Activity -> Return each line exactly, from the one that has "BLWOENS - Polera de casual para mujeres" through the end of the entries, both ends included. Pictures do not belong.

** Opening Material shown block **

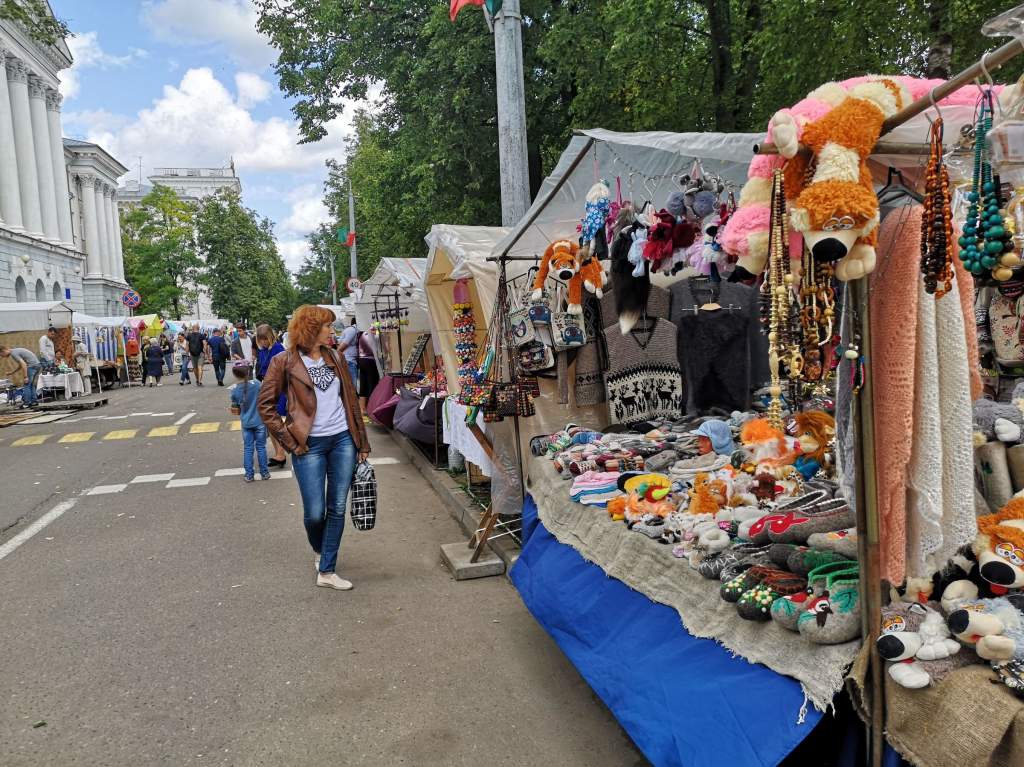 сб (2).jpg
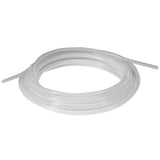 Stenner MALT010 3 / 8 In., 100 Ft.Suction / Discharge Tubing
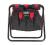 TORBA NARZĘDZIOWA Z KRZESEŁKIEM YATO - BCM
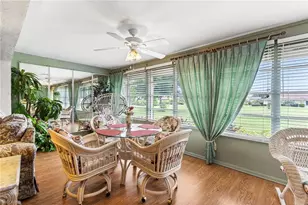 5767 Arvine Cir, Fort Myers, FL 33919 - Photo 25
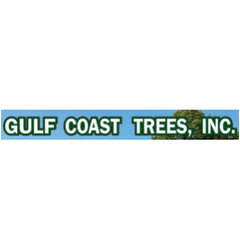 Gulf Coast Trees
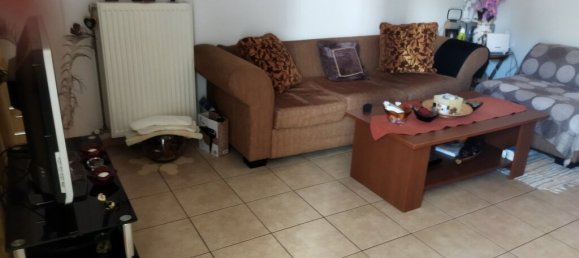Maisonette-Wohnung in Aigaleo, Greece 665m², Nr. 2686 18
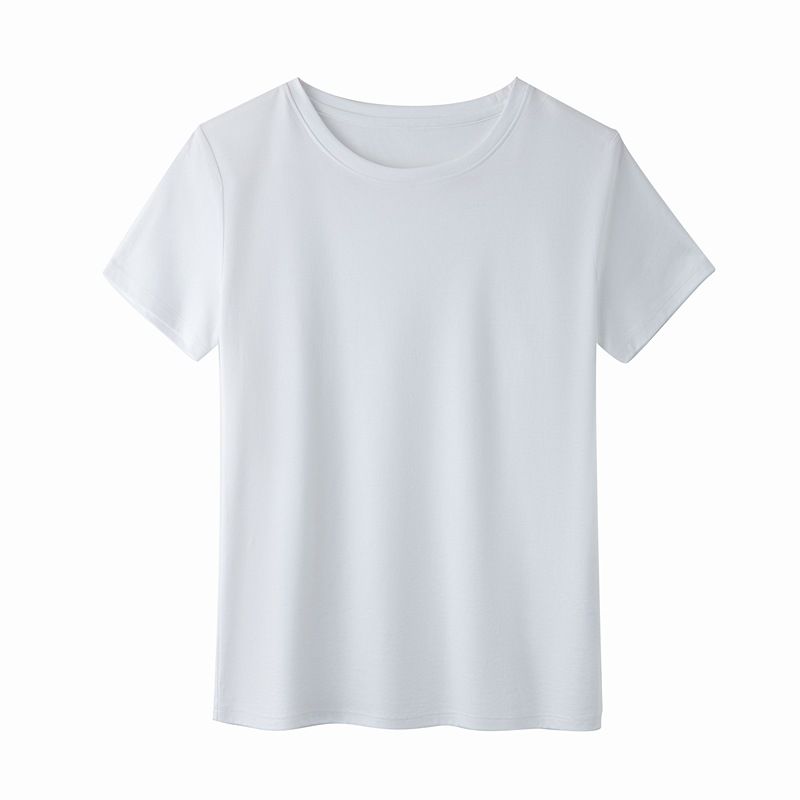 BLWOENS - Polera de casual para mujeres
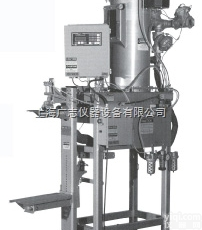 GZM  广志包装机，自动<em>称重</em>包装机，广志<em>包装机械</em>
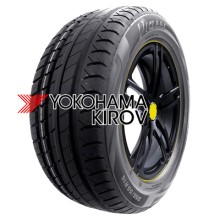 195/55R15 85V Strada Asimmetrico V-130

** Closing Material shown block **

Reply ->
 BLWOENS - Polera de casual para mujeres
 GZM  广志包装机，自动<em>称重</em>包装机，广志<em>包装机械</em>
 195/55R15 85V Strada Asimmetrico V-130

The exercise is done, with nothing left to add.